Skip the pictures, and retype the data below in full, exactly.
** Data provided follows **
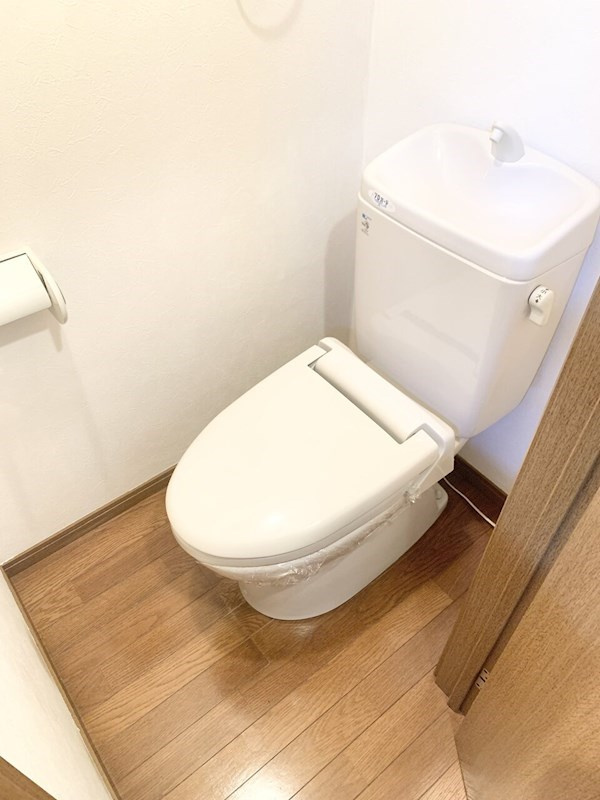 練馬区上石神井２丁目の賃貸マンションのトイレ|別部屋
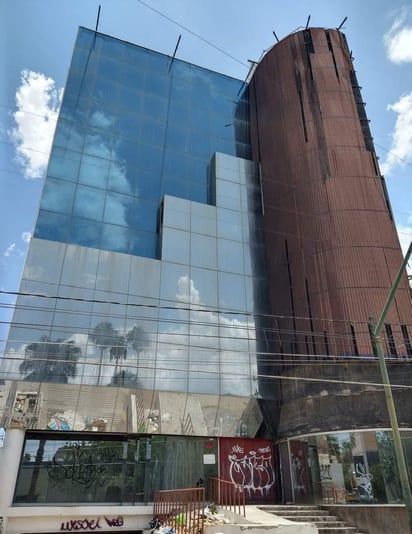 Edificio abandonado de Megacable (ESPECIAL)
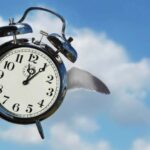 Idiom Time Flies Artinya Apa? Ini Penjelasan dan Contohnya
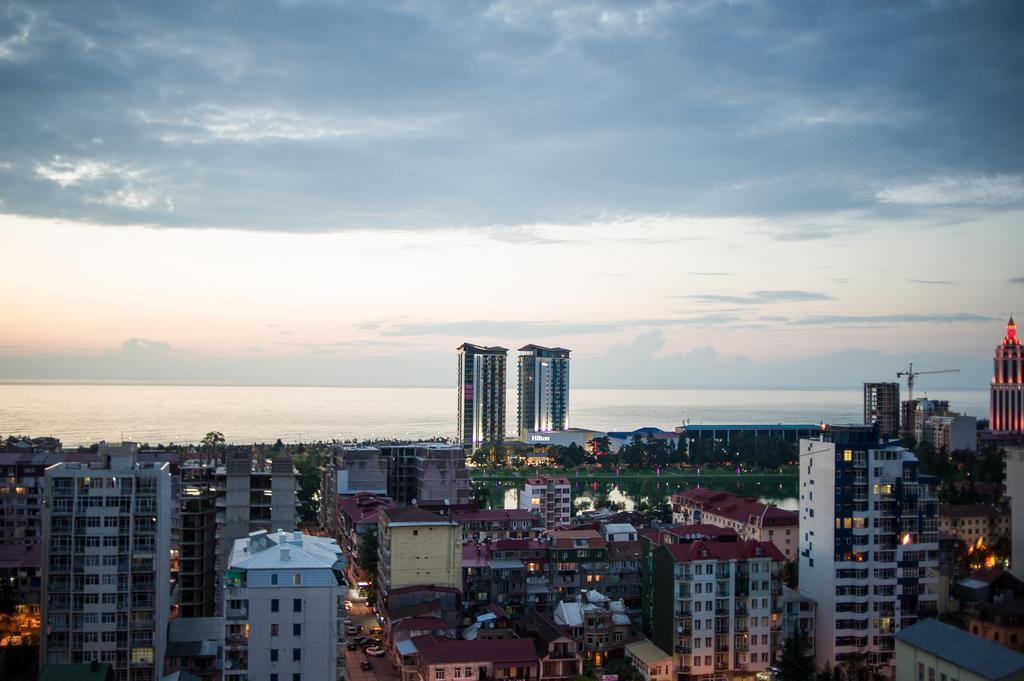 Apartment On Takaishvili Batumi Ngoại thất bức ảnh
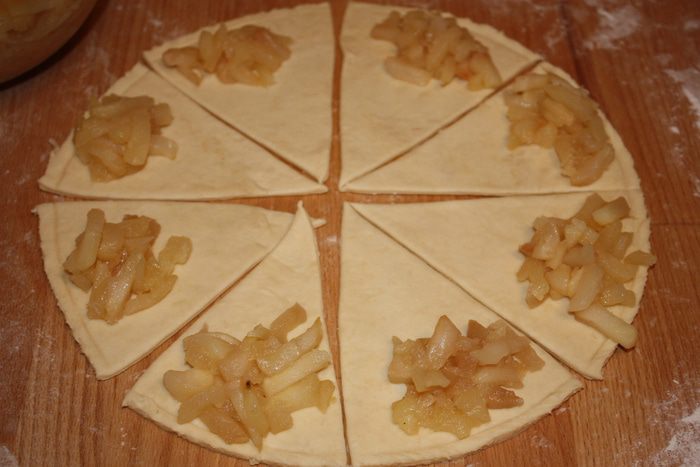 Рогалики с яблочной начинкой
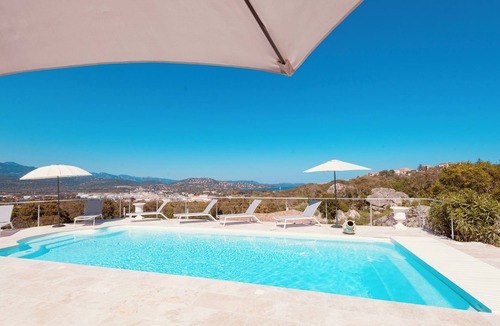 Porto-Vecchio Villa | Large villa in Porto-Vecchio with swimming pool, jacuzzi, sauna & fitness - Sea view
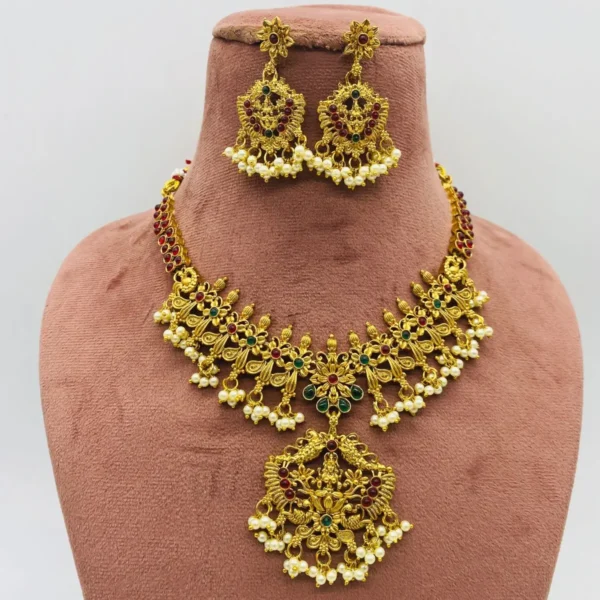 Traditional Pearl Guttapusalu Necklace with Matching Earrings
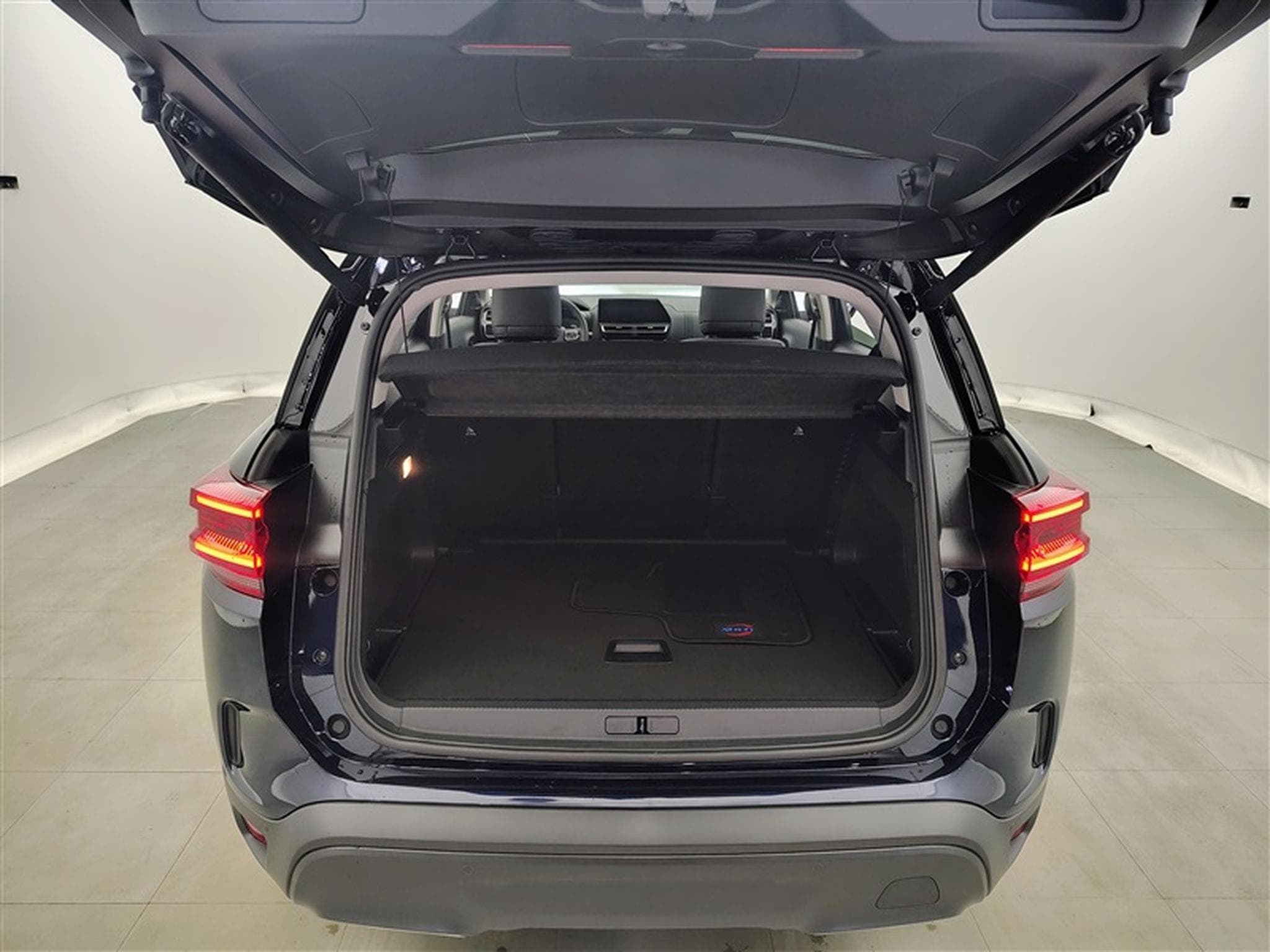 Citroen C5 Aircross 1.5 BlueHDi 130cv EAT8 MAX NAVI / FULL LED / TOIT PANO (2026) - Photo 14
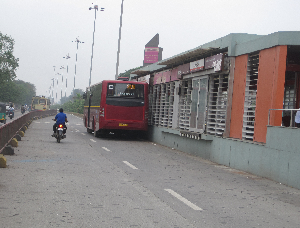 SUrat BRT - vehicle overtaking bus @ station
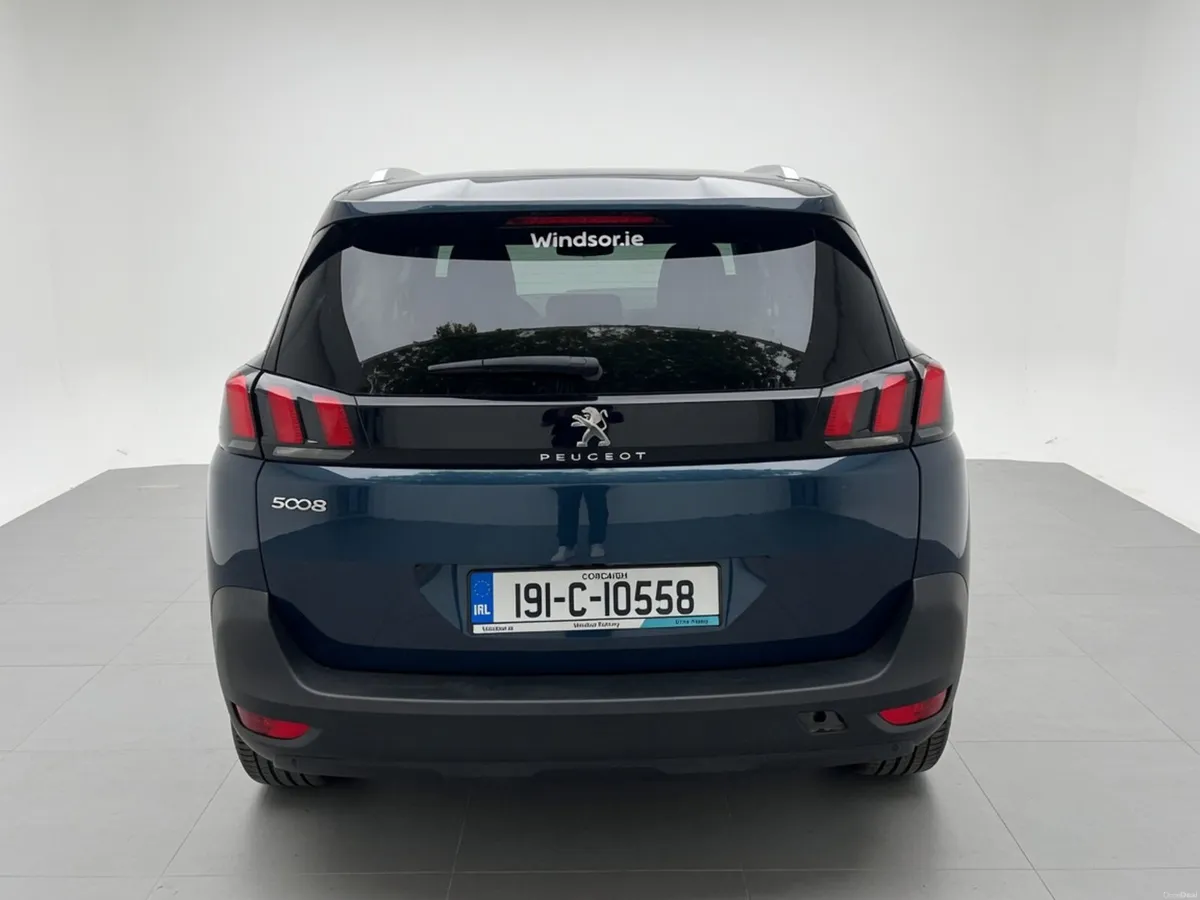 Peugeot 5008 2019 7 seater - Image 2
** End of Data provided **
» **Your solution**
 練馬区上石神井２丁目の賃貸マンションのトイレ|別部屋
 Edificio abandonado de Megacable (ESPECIAL)
 Idiom Time Flies Artinya Apa? Ini Penjelasan dan Contohnya
 Apartment On Takaishvili Batumi Ngoại thất bức ảnh
 Рогалики с яблочной начинкой
 Porto-Vecchio Villa | Large villa in Porto-Vecchio with swimming pool, jacuzzi, sauna & fitness - Sea view
 Traditional Pearl Guttapusalu Necklace with Matching Earrings
 Citroen C5 Aircross 1.5 BlueHDi 130cv EAT8 MAX NAVI / FULL LED / TOIT PANO (2026) - Photo 14
 SUrat BRT - vehicle overtaking bus @ station
 Peugeot 5008 2019 7 seater - Image 2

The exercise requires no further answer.